● **WORK INSTRUCTION**
Could you set down exactly the lines of the data below, starting at the one that holds "Rose Quartz Eye Freeform" and ending at the one that holds "Aller_MD's tweet image.", both included, and only those?

● **DATASET**

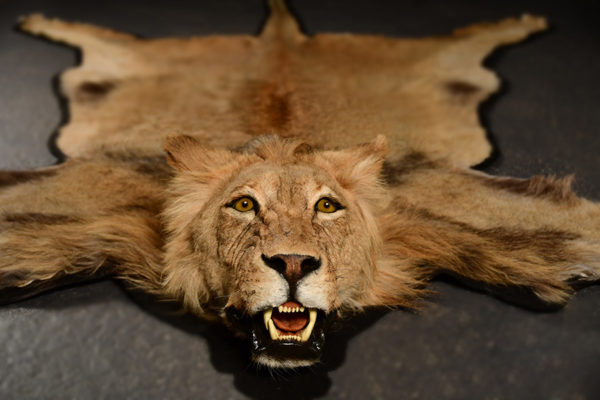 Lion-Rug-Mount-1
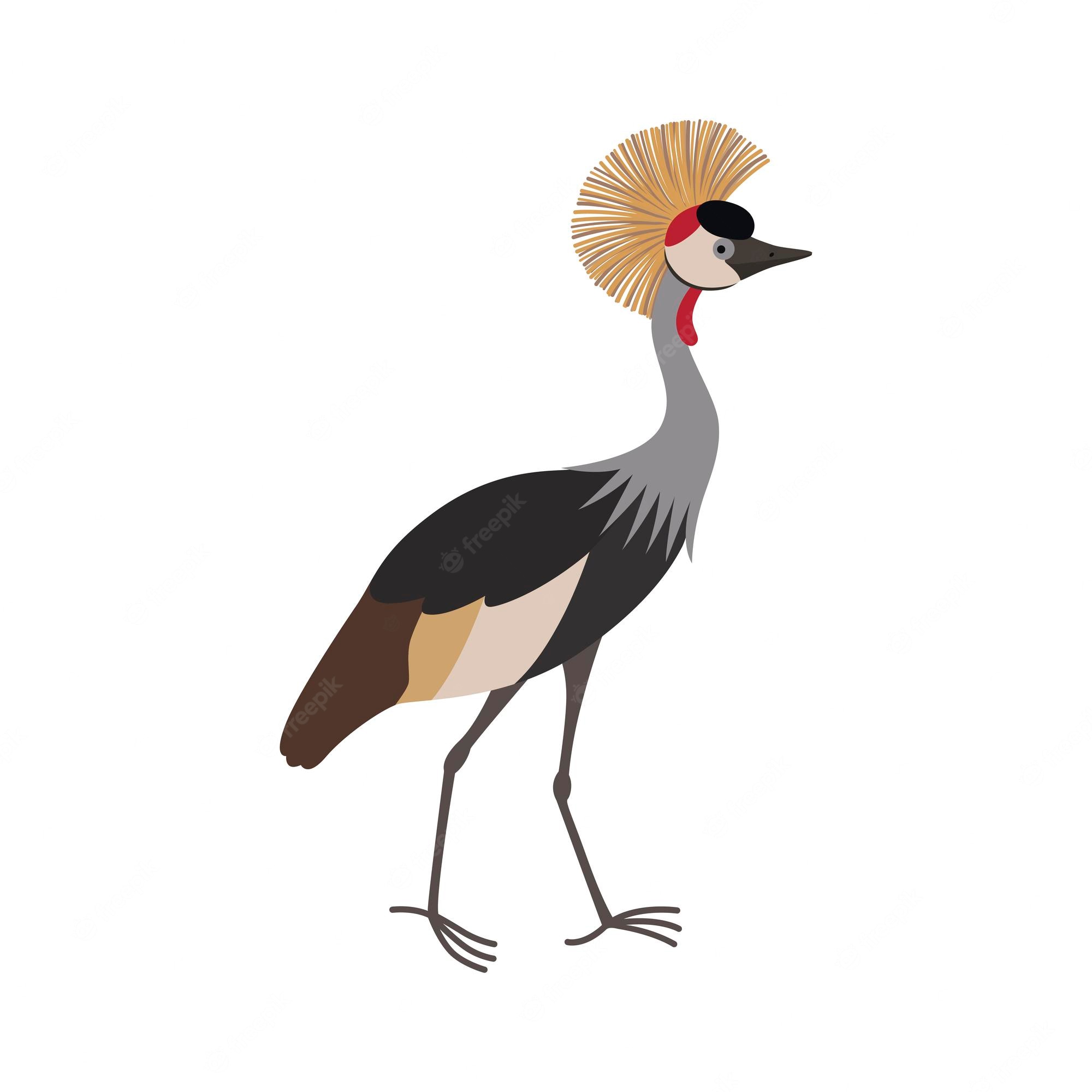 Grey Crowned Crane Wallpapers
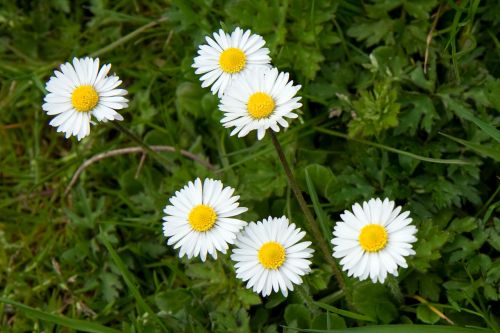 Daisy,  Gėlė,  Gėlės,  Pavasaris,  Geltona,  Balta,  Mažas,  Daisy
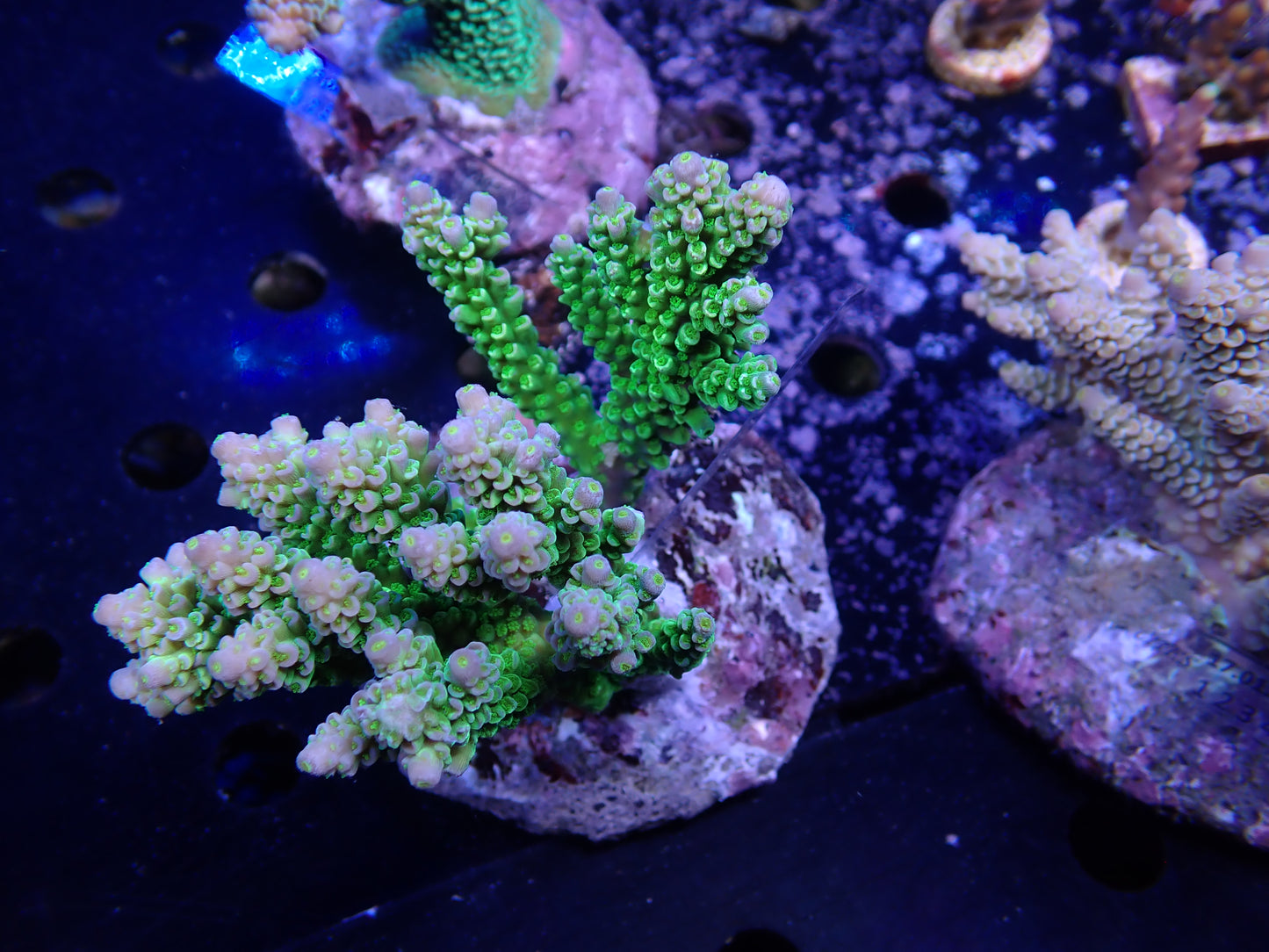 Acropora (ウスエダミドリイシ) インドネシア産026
==
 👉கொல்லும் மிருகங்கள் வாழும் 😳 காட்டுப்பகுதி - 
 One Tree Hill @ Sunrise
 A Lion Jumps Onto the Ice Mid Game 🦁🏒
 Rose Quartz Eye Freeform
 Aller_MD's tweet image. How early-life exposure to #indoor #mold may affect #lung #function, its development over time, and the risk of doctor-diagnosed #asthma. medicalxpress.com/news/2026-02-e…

● **RESULT**
 Rose Quartz Eye Freeform
 Aller_MD's tweet image. How early-life exposure to #indoor #mold may affect #lung #function, its development over time, and the risk of doctor-diagnosed #asthma. medicalxpress.com/news/2026-02-e…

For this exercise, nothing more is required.